Taxpayer testified that he bought these properties “for investment purposes.” At one point he attempted to explain this by saying that he had experienced a change in his “investment philosophy and theory” in 1951; that he purchased these properties in order to increase his holdings of mortgage paper or vendor’s lien notes. He did not seem to realize that this amounted to an admission that the property was bought primarily for resale on credit. Taxpayer’s clearest statement of his purpose in buying and selling for his own account was that he simply wished to make a profit. The opportunity to do so appears to have arisen directly out of his experience in a diversified real estate business. He was prepared to hold these properties or to sell them on credit whenever the price was right. The phrase “investment purposes” sounds very much like an afterthought. As a statement of fact, it is in conflict with all the reasonable inferences to be drawn from taxpayer’s actual conduct with regard to these properties.

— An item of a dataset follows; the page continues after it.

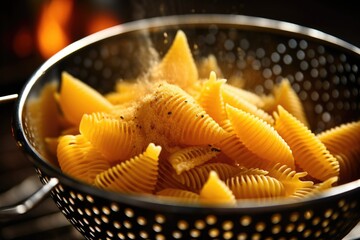 Sticker - macro shot of gluten-free pasta in a strainer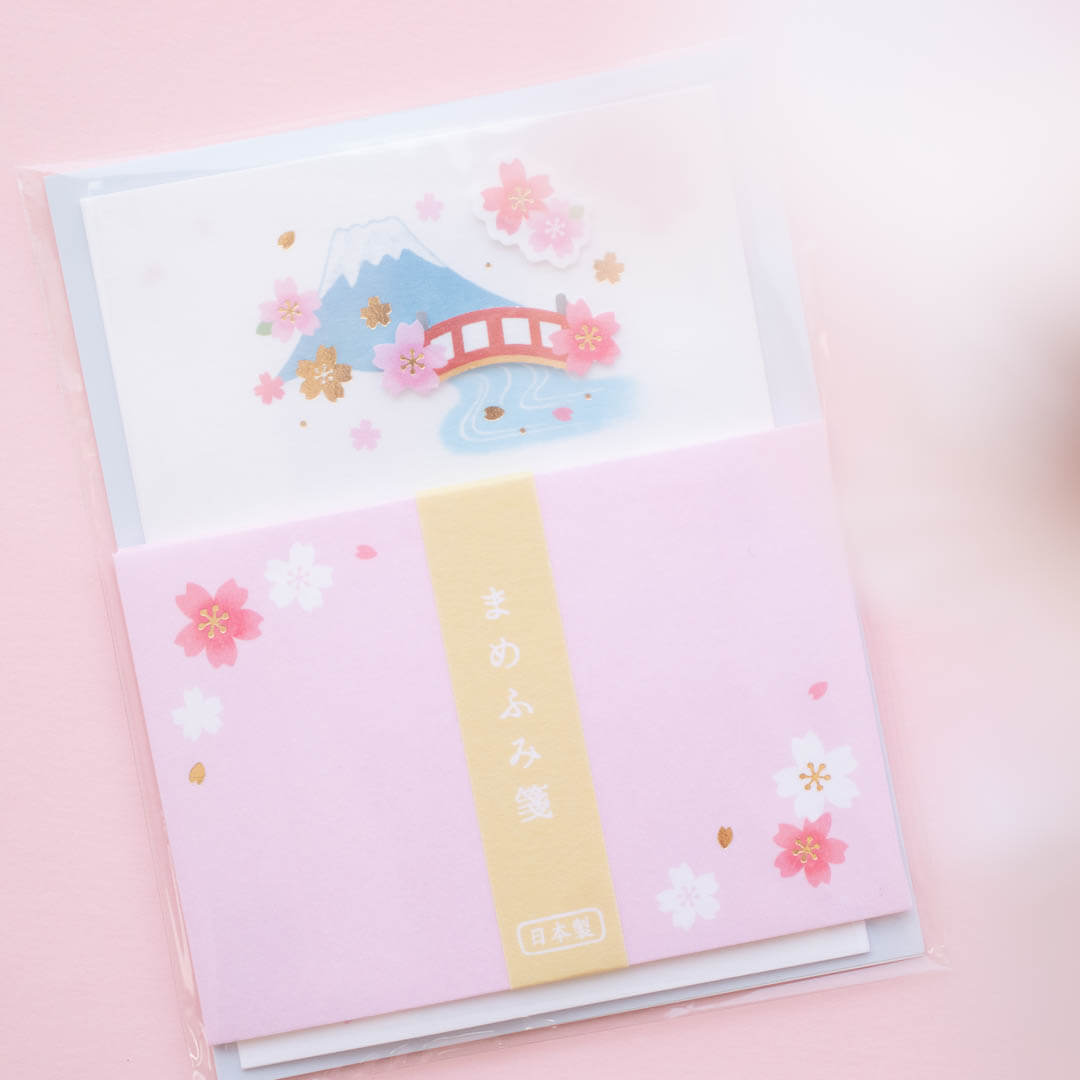 Sakura-themed Japanese letter set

Taking all the facts together, it is clear that taxpayer’s trading in real estate for his own account in 1952 and 1953 amounted to “an occupational undertaking which required the habitual devotion of time, attention or effort with substantial regularity.” Thomas v. Commissioner of Internal Revenue, supra. The properties in suit, therefore, were bought and held primarily for sale in the ordinary course of taxpayer’s business. The income from such sales is taxable as ordinary income.

Judgment for defendant. 
      
      . The taxpayer and Ms wife filed joint returns in 1952 and 1953, and both appear as plaintiffs in this suit for refund. Since only Mr. Durr’s activities are involved, this opinion will, for convenience, refer to Mm alone as taxpayer and plaintiff.
     
      
      . Section 117 of the Internal Revenue Code of 1939 (as amended by Section 210 (a) of the Revenue Act of 1950, c. 994, 64 Stat. 906), 26 U.S.C. § 117, 1952 ed., reads:
      “§ 117. Capital gains and losses
      “(a) Definitions. As used in this chapter—
      “(1) Capital assets. The term ‘capital assets’ means property held by the taxpayer (whether or not connected with his trade or business), but does not include—
      “(A) stock in trade of the taxpayer or other property of a kind which would properly be included in the inventory of the taxpayer if on hand at the close of the taxable year, or property held by the taxpayer primarily for sale to customers in the ordinary course of this trade or business; * *
     
      
      . Smith v. Dunn, 5 Cir., 224 F.2d 353.
     
      
      . Thomas v. Commissioner of Internal Revenue, 5 Cir., 254 F.2d 233; Gamble v. Commissioner of Internal Revenue, 5 Cir., 242 F.2d 586; Goldberg v. Commissioner of Internal Revenue, 5 Cir., 223 F.2d 709; Lobello v. Dunlap, 5 Cir., 210 F.2d 465; King v. Commissioner of Internal Revenue, 5 Cir., 189 F.2d 122; Dunlap v. Oldham Lumber Co., 5 Cir., 178 F.2d 781; Greene v. Commissioner of Internal Revenue, 5 Cir., 141 F.2d 645; Snell v. Commissioner of Internal Revenue, 5 Cir., 97 F.2d 891.
     
      
      . Thomas v. Commissioner of Internal Revenue, supra [254 F.2d 236],
     
      
      . Thomas v. Commissioner of Internal Revenue, supra.
     
      
      . Gamble v. Commissioner of Internal Revenue, supra; Greene v. Commissioner of Internal Revenue, supra.
     
      
      . Ross v. Commissioner of Internal Revenue, 5 Cir., 227 F.2d 285; Smith v. Dunn, supra; Goldberg v. Commissioner of Internal Revenue, supra.
     
      
      . Galena Oaks Corporation v. Scofield, 5 Cir., 218 F.2d 217.
     
      
      . However, some of taxpayer’s sales for his own account appear to have been directly related to his commission business. One of taxpayer’s clients testified that he had purchased a house from the Durrs prior to 1953, a commission sale; that when, in 1953, he decided to move, he went back to the Durr office and was sold one of taxpayer’s unimproved lots (one of the sales involved in the present case); that he never occupied this lot but, instead, the Durrs sold him a third property on commission.
     
      
      . See Snell v. Commissioner of Internal Revenue, supra, 97 F.2d at page 892.